The Post of Duty

Men are investigating the Bible teachings more than ever before in the world's history, and it is particularly interesting to consider what these teachings have to tell as to our duty to God. An incident which throws much light on the subject may be found in the fifth chapter of Acts, where we read that Peter and other disciples had been cast into prison for preaching and healing, for doing their duty to their fellow-men as Christ Jesus had commanded them to do. When brought before the high priest and asked why they had done this thing, they answered, "We ought to obey God rather than men. ... And we are his witnesses of these things." They did not question as to where their duty lay, or what, if any, were the rules and regulations which might circumscribe that duty.

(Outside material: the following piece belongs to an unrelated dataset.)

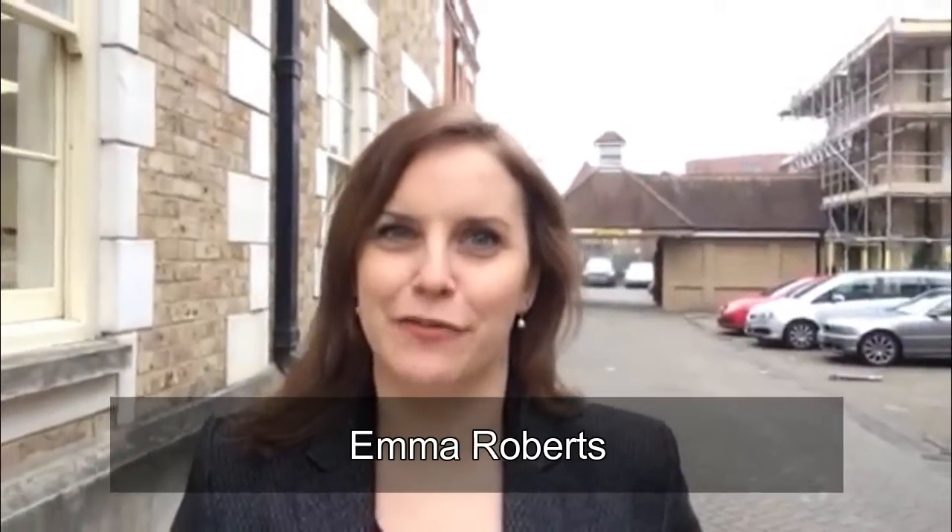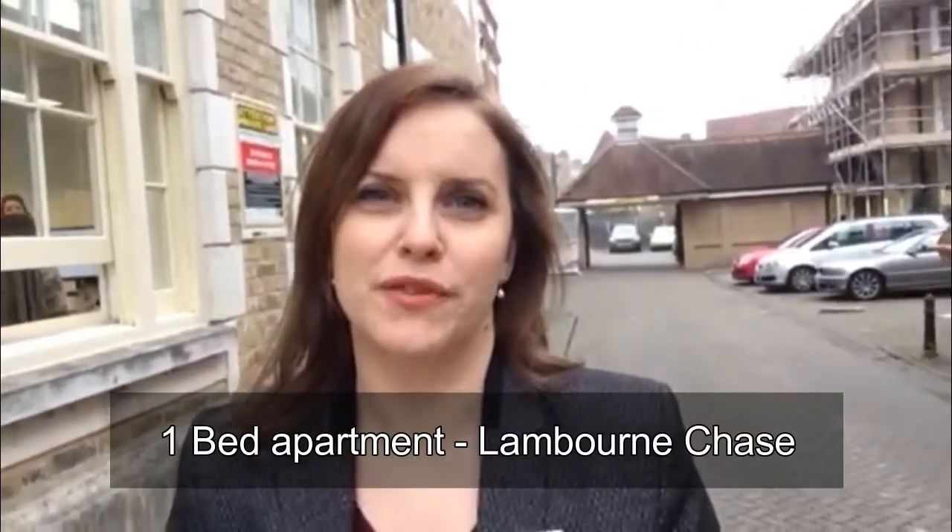Hi guys, it's Emma here. I've got my next buy-to-let deal of the day for you to have a little look at. The one I've picked for you today is a really lovely one-bedroom apartment in the Great Baddow area of Chelmsford.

Their business was to obey God; and they stood firmly at their post, preaching His Word to the multitude, and healing the sick and the sinning. It did not concern them that the prison apparently stood between them and the doing of their duty. They had received their orders; and they obeyed. What was the result of their obedience? The decree of the priest was set aside; the angel of the Lord opened the prison doors, and they came forth unmolested to do as God had commanded them, the healed and the redeemed bearing witness to the truth they taught and demonstrated.

Mary Baker Eddy, the Discoverer of the Science of Christianity and the Founder of the religion of Christian Science, has given in the textbook, "Science and Health with Key to the Scriptures," a fuller significance to many words in common use in the English language; and her writings abound with explanations of man's duty to his Maker. On page 496 of the textbook she writes, "You will learn that in Christian Science the first duty is to obey God, to have one Mind, and to love another as yourself." Here, then, is the key to the deeper meaning of the word "duty" and the method by which, standing at our post obeying God first, we may serve God as well as our neighbor, whether that neighbor be employer, friend, or member of our own household.